Problem Statement in English

You’re given a $2$ integers m and n. They represent the number of rows and columns in a grid.

Your task is to calculate the number of paths from the origin $(0,0)$ to $(m - 1,n - 1)$.

Approach

They’ve told us that you can either move down or right at any point. So, the number of paths from a co-ordinate $(x,y)$ to $(m-1, n-1)$ (let’s call the the function that does the calculation sol) is:

$$\text{sol(x,y)} = \text{sol}(x + 1, y) + \text{sol}(x, y + 1)$$

You can actually solve this problem with just the formula. It clearly involves recursion, as can be seen from the way the function is invoked.

However, there’s one major flaw to this approach. Redundant computation.

I’m going to draw a graph, because that should make a whole lot more sense than me trying to put it into words.

    graph TD
    A((0,0)) --> B((1,0))
    A --> C((0,1))

    B --> D((2,0))
    B --> E((1,1))

    C --> F((1,1))
    C --> G((0,2))

Do you see how $(1,1)$ is called twice?

As the recursion tree generates there will be far more duplicated calls. The way we fix this, is through a technique called memoization.

All it does, is cache results, and so before we attempt to calculate the result for a co-ordinate, we check if it’s been calculated in the past. If it has, we use that stored value instead of redoing the calculation.

It’s basically a lookup table. With a fancy name.

Solution in Python


class Solution:
    def uniquePaths(self, m: int, n: int) -> int:

        # for memoization
        lookup = {}

        def recursiveCall(x: int, y: int):
            # base case
            if x == m - 1 and y == n - 1:
                return 1
            # out of bounds
            if x >= m or y >= n:
                return 0
            # if already calculated
            if (x, y) in lookup:
                return lookup[(x, y)]

            # down and right
            down = recursiveCall(x + 1, y)
            right = recursiveCall(x, y + 1)

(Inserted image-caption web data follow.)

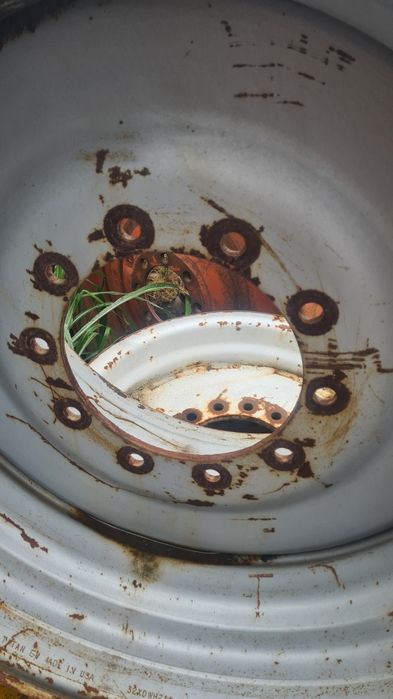 Janta combina Case pt cauciucuri 24,5R32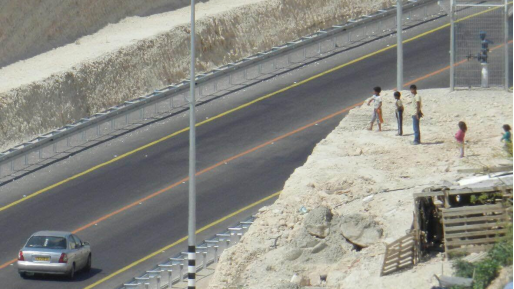 צילום: רגבים נזק לרכב בפיגוע אבנים סמוך לבית אומר
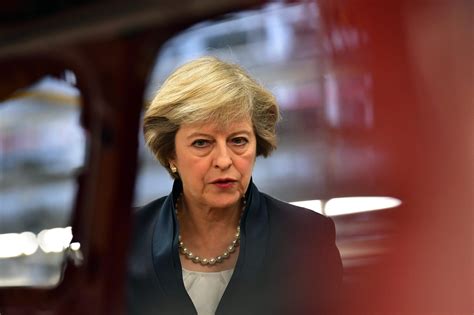 Ftse 100 Plunges After Theresa May Signals Hard Brexit Ahead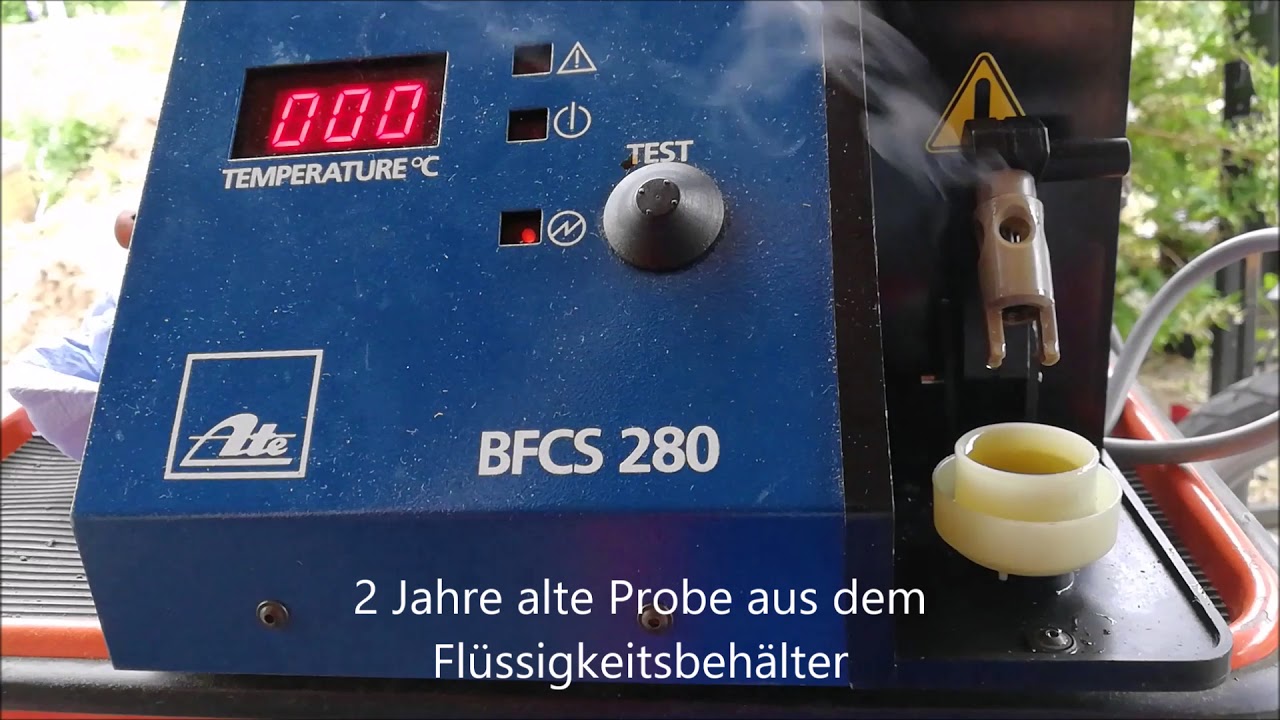 Bremsflüssigkeit testen - YouTube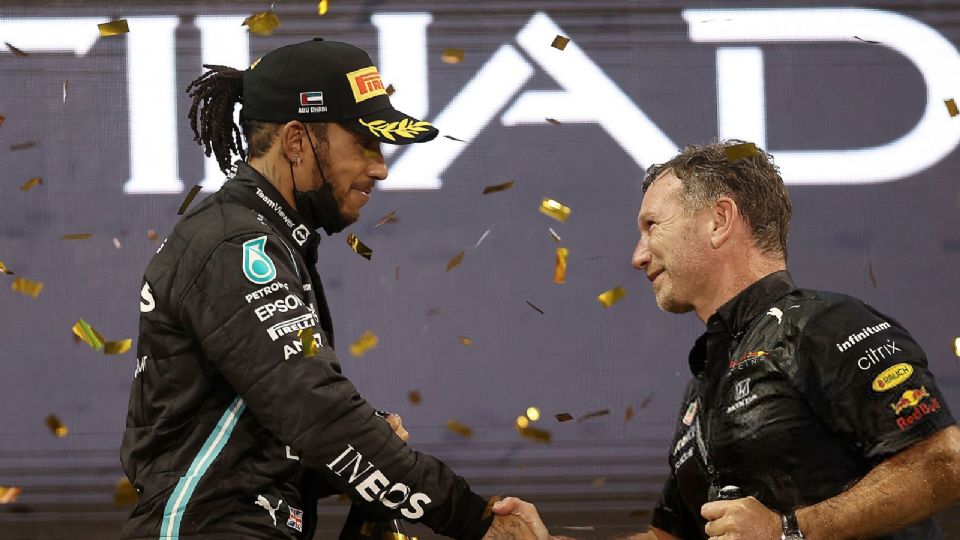 Christian Horner, director de Red Bull Racing, reveló que el piloto de Mercedes, Lewis Hamilton, se ha acercado con él en varias ocasiones, la última a principios de 2023.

            # store the result
            lookup[(x + 1, y)] = down
            lookup[(x, y + 1)] = right
            lookup[(x, y)] = down + right

            # return the result
            return lookup[(x, y)]

        # begin recursion
        return recursiveCall(0, 0)

Complexity

  • Time: $O(m \times n)$
    Since we iterate over $m \times n$ co-ordinates at most.

  • Space: $O(n^2)$
    Since we might cache upto $m \times n$ values in the lookup table.

And we are done.